FISCAL – Cession de crypto-monnaies et obligations déclaratives

Actualité Entrepreneuriat, Fiscal du 9 juillet 2019

Nous faisons un point sur les obligations déclaratives des cédants à titre occasionnel de crypto-monnaies et aux détenteurs de portefeuilles à l’étranger. 

Les particuliers souhaitant profiter des cours du Bitcoin, du Ripple et autres crypto-monnaies doivent prendre conscience qu’ils sont au croisement de deux législations fiscales, l’une visant la transparence et la lutte contre le blanchiment d’argent, l’autre assurant à l’Etat qu’aucun revenu, même nouveau ou fortement lié à la technologie, n’échappe à une juste taxation.

Suite aux péripéties relatives aux modalités d’imposition des gains – doctrine administrative amendée par le Conseil d’Etat –, le législateur français est intervenu en votant l’article 41 de la loi de finances pour 2019 (L. n° 2018-1317 du 28 déc. 2018).

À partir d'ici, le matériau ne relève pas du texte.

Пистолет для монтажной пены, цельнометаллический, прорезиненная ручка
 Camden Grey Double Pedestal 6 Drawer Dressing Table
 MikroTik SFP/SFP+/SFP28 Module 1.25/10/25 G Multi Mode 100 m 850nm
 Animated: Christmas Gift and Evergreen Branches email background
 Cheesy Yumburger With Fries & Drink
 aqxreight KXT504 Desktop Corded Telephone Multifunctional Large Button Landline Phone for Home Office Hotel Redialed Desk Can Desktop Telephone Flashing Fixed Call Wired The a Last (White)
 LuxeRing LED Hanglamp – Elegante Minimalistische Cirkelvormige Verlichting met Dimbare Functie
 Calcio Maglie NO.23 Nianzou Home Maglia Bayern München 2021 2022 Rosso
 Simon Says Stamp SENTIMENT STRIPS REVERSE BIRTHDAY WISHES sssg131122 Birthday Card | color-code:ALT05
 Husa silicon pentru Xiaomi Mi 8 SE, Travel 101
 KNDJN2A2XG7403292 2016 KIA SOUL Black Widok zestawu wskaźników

C’est ainsi que, désormais, les particuliers cédant des actifs numériques subissent le prélèvement forfaitaire unique au taux de 30 %, incluant 12,8 % d’impôt sur le revenu et 17,2 % de prélèvements sociaux (par combinaison des articles 150 VH bis et 200 C du Code général des impôts). Il est d’ores et déjà à préciser que la barémisation optionnelle de ces revenus, c’est-à-dire leur soumission non à l’imposition forfaitaire mais au barème progressif à tranches de l’impôt sur le revenu, n’est pas prévue.

En l’état du texte légal, le contribuable devait déclarer annuellement, dans sa déclaration de revenus, la plus-value ou la moins-value réalisée. Le détail de toutes les opérations devait être joint en annexe.

L’article 150 VH bis, V-B du CGI précise qu’un décret détermine les obligations déclaratives incombant aux redevables et aux personnes interposées. C’est désormais chose faite, avec la publication le 28 juin 2019 du décret n° 2019-656 du 27 juin 2019, relatif aux obligations déclaratives […].

Les obligations déclaratives

Deux nouveaux articles sont insérés à l’annexe III au Code général des impôts, à savoir les articles 41 duovicies J et K.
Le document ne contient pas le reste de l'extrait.